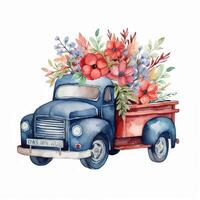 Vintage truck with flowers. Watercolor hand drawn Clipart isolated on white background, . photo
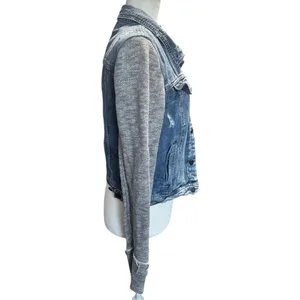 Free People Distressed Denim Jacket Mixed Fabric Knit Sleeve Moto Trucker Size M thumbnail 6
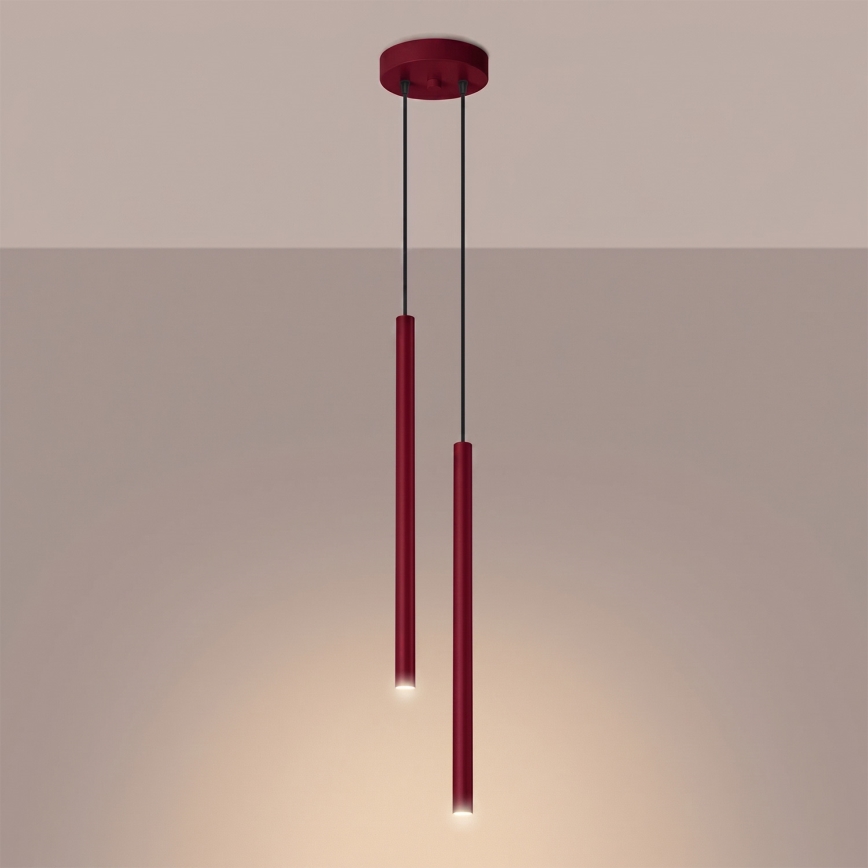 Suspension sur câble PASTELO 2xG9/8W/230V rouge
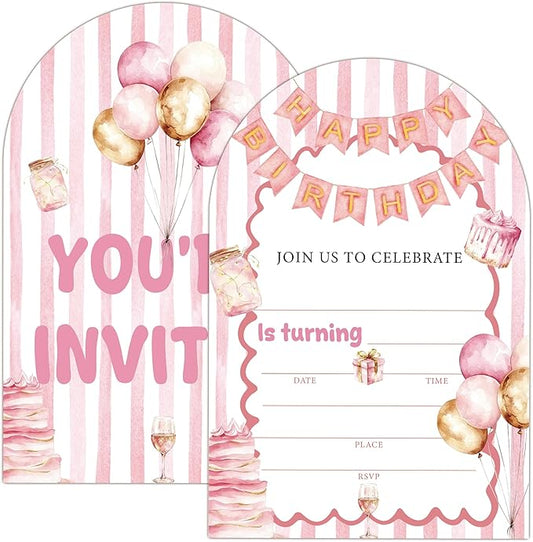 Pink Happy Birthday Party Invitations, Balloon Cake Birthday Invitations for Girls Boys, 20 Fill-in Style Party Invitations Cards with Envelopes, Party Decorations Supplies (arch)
=-=-=-=-=
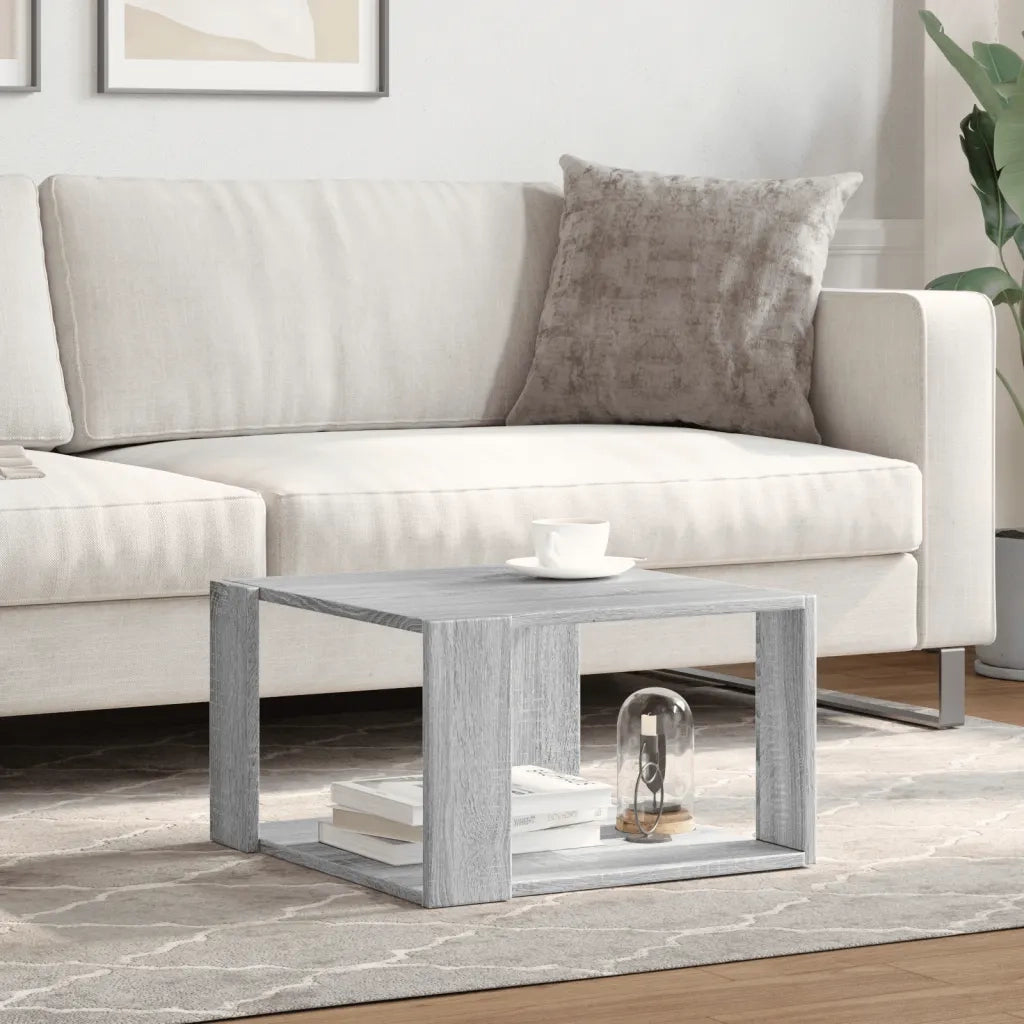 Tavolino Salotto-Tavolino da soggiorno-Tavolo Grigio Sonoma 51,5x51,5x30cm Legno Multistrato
=-=-=-=-=
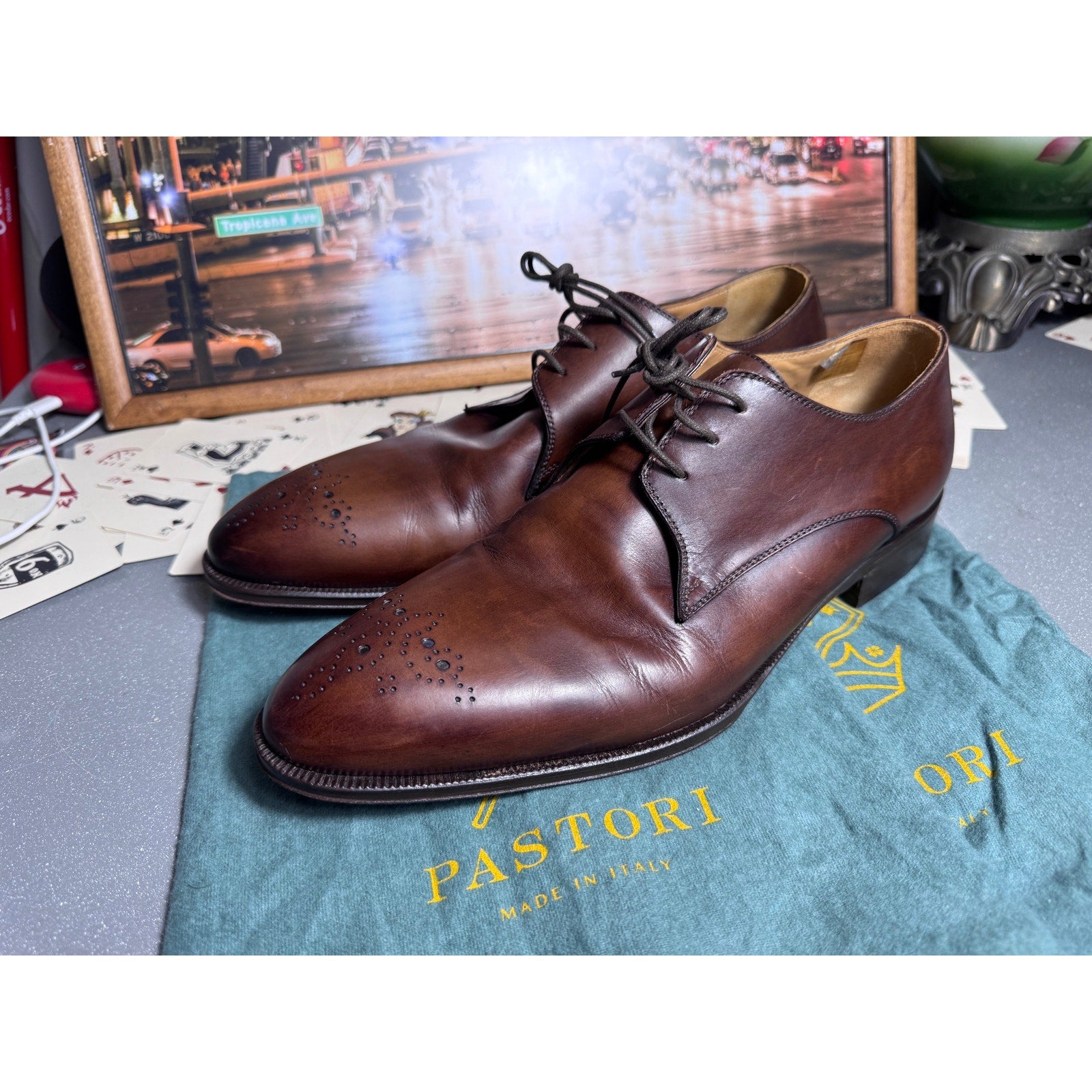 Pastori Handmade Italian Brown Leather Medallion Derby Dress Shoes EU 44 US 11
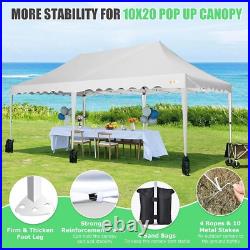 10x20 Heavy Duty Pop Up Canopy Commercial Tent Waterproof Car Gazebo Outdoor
=-=-=-=-=
- [Required work] With the pictures omitted, print the lines above exactly, beginning at the line with "Vintage truck with" and going on through the line with "Pink Happy Birthday".

- [Solution for this exercise]
 Vintage truck with flowers. Watercolor hand drawn Clipart isolated on white background, . photo
 Free People Distressed Denim Jacket Mixed Fabric Knit Sleeve Moto Trucker Size M thumbnail 6
 Suspension sur câble PASTELO 2xG9/8W/230V rouge
 Pink Happy Birthday Party Invitations, Balloon Cake Birthday Invitations for Girls Boys, 20 Fill-in Style Party Invitations Cards with Envelopes, Party Decorations Supplies (arch)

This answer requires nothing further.